Corecursion

In computer science, corecursion is a type of operation that is dual to recursion. Where recursion works backwards (analytically, deductively), working on large data (more properly, data further from a base case) by breaking it into smaller data and repeating until one reaches a base case, corecursion works forward (synthetically, inductively), starting from a base case and iteratively producing larger data (more properly, later data, further removed from a base case). Put simply, it is about algorithms using the data which they themselves produce, bit by bit, as they become available, and needed, to produce further bits of data.

Where recursion allows programs to operate on arbitrarily complex data, so long as it can be reduced to simple data (base cases), corecursion allows programs to produce arbitrarily complex and potentially infinite data structures, such as streams, so long as it can be produced from simple data (base cases). Where recursion may not terminate, never reaching a base state, corecursion starts from a base state, and thus produces subsequent steps deterministically, but the result may be infinite (and thus not terminate).

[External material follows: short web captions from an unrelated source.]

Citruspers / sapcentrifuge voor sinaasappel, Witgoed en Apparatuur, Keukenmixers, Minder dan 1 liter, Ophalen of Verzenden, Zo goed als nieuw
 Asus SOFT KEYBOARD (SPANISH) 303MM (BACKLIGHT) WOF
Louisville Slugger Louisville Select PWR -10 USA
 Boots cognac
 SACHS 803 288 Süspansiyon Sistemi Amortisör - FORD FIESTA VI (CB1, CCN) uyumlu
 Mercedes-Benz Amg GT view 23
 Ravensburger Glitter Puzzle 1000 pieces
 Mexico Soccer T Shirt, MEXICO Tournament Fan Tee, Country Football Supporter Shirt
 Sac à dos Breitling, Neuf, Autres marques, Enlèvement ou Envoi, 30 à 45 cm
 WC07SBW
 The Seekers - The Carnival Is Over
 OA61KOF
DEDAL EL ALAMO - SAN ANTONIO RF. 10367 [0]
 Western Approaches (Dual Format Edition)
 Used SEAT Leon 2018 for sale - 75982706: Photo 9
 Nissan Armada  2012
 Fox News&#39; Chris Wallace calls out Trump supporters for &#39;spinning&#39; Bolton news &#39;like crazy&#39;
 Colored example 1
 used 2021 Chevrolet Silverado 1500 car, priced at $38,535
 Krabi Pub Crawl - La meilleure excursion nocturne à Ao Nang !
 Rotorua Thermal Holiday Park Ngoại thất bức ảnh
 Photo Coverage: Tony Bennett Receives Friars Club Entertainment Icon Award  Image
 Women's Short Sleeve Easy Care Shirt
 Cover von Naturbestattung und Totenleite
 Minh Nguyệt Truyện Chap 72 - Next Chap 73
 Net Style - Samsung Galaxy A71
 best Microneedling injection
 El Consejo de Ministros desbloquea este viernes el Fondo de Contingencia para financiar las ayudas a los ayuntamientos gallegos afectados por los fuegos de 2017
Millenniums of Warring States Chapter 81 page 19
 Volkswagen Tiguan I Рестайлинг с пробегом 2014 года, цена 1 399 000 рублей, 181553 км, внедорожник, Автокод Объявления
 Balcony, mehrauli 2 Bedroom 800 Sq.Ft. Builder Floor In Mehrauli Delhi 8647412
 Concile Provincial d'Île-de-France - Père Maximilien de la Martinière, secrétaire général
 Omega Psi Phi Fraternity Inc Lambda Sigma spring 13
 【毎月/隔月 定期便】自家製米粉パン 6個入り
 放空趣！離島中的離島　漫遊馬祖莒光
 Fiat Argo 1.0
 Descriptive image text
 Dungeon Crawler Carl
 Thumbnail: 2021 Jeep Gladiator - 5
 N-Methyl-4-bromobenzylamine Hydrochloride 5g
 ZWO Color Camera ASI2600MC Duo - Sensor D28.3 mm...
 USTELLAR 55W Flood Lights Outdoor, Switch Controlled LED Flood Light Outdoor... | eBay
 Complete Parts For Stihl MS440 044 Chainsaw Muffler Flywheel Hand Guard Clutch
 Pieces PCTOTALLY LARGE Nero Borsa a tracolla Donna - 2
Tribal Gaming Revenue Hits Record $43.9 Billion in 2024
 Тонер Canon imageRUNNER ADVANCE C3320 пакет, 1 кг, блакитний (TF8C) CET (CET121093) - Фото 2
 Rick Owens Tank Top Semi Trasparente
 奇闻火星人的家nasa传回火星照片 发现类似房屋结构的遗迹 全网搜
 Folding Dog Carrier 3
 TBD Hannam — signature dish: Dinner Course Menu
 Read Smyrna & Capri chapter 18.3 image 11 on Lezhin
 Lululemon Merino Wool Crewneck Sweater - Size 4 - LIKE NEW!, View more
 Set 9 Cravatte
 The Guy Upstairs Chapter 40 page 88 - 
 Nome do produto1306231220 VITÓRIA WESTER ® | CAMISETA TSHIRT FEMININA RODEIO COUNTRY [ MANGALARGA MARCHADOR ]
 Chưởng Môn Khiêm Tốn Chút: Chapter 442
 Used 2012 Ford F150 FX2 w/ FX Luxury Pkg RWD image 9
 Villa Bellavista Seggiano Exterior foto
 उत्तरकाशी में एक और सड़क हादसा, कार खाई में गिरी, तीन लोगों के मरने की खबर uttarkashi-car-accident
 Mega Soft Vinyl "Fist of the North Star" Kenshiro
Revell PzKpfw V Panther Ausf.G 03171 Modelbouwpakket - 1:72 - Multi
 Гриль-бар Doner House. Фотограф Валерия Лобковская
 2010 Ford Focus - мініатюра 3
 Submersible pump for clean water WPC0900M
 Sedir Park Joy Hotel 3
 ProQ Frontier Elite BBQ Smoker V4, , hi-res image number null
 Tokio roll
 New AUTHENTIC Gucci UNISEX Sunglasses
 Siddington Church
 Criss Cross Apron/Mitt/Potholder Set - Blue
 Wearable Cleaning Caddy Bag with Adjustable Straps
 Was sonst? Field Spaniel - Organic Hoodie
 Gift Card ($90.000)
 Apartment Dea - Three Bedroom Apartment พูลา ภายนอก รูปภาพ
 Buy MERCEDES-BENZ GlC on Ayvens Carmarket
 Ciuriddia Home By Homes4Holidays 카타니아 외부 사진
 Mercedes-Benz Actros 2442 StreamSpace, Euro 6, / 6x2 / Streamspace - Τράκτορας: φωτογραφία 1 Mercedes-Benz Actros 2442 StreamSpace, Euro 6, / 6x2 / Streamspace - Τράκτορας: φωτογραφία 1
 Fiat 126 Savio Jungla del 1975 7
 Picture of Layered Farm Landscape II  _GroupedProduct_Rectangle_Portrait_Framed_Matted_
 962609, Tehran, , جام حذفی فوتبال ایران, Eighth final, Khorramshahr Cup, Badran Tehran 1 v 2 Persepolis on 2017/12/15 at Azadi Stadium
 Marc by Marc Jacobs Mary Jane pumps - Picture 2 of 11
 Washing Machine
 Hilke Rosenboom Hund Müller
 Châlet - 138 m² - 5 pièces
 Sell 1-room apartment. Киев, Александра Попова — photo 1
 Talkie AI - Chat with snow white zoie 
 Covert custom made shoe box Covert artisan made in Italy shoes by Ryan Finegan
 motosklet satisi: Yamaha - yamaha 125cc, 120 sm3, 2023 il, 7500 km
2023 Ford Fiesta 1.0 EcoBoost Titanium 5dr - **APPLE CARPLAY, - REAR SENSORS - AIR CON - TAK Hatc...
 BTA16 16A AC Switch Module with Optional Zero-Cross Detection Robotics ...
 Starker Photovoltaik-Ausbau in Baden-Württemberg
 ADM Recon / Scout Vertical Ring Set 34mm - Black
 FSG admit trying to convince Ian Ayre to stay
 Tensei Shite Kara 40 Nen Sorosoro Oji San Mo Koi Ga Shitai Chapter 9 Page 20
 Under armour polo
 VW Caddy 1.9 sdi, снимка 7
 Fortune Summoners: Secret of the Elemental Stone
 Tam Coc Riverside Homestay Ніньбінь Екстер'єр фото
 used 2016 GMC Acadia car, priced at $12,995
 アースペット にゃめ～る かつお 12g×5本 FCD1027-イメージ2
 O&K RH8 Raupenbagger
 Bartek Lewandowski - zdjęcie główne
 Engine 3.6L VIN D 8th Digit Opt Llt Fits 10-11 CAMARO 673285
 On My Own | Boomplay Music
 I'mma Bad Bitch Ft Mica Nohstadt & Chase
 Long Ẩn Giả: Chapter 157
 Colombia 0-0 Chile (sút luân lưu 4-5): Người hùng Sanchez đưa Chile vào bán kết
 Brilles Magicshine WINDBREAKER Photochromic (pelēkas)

Corecursion can produce both finite and infinite data structures as result, and may employ self-referential data structures. Corecursion is often used in conjunction with lazy evaluation, to only produce a finite subset of a potentially infinite structure (rather than trying to produce an entire infinite structure at once). Corecursion is a particularly important concept in functional programming, where corecursion and codata allow total languages to work with infinite data structures.